Note that I emphasised “potential” above. That’s another thing that the music business got away with for years: the loyalty of their audiences. How many people bought new material from an artist they liked only to discover that it wasn’t as good as they’d hoped? After a while, people just lose interest. This despite the effective state subsidy of the music business through public broadcasters endlessly and annoyingly playing and promoting that industry’s proprietary content. And there is music from even a few years ago that you wouldn’t be able to persuade anyone to sell you any more. It is like they don’t want your money, or at least if it is not being handed over on precisely their terms, which for a long time now has seemed to involve the customer going back and paying them again and again for something they already bought (under threat of legal penalties for “format shifting” in order to compel such repeat business).

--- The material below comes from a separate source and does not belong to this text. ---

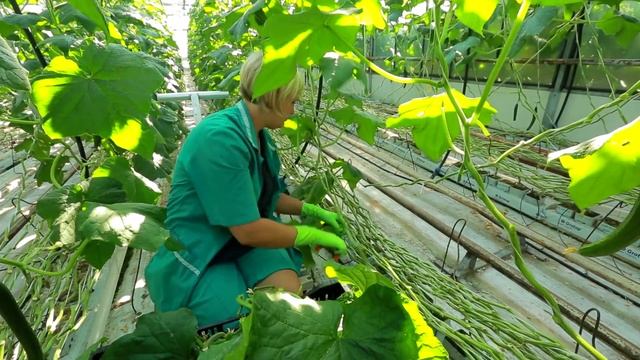 Сделано в Кузбассе HD: Выращивание огурцов в теплице смотреть онлайн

It isn’t a surprise that the focus now is on music (and video) streaming and that actually buying media to play offline is becoming harder and harder. The focus of the content industries is on making it more and more difficult to acquire their content in ways that make it possible to experience that content on sustainable terms. Just as standard music CDs became corrupted with DRM mechanisms that bring future access to the content into doubt, so have newer technologies been encumbered with inconvenient and illegitimate mechanisms to deny people legitimate access. And as the campaign against DRM notes, some of the outcomes are simply discriminatory and shameful.

Our Legacy

Even content that has not been “protected” has proven difficult to recover simply due to technological progress and material, cultural and intellectual decay. It would appal many people that anyone would put additional barriers around content just to maximise revenues when the risk is that the “protectors” of such content will either inadvertently (their competence not being particularly noted) or deliberately (their vindictiveness being especially noted) consign that content to the black hole of prehistory just to stop anyone else actually enjoying it without them benefiting from the act. In some cases, one would think that content destruction is really what the supposed guardians of the content actually want, especially when there’s no more easy money to be made.

Of course, such profiteers don’t actually care about things like cultural legacy or the historical record, but society should care about such things. Regardless of who paid for something to be made – and frequently it was the artist, with the publishers only really offering financing that would most appropriately be described as “predatory” – such content is part of our culture and our legacy. That is why we should resist DRM, we should not support its proponents when buying devices and content or when electing our representatives, and it is why we should try and limit copyright terms so that legacy content may stand a chance of being recovered and responsibly archived.

We owe it to ourselves and to future generations to resist DRM.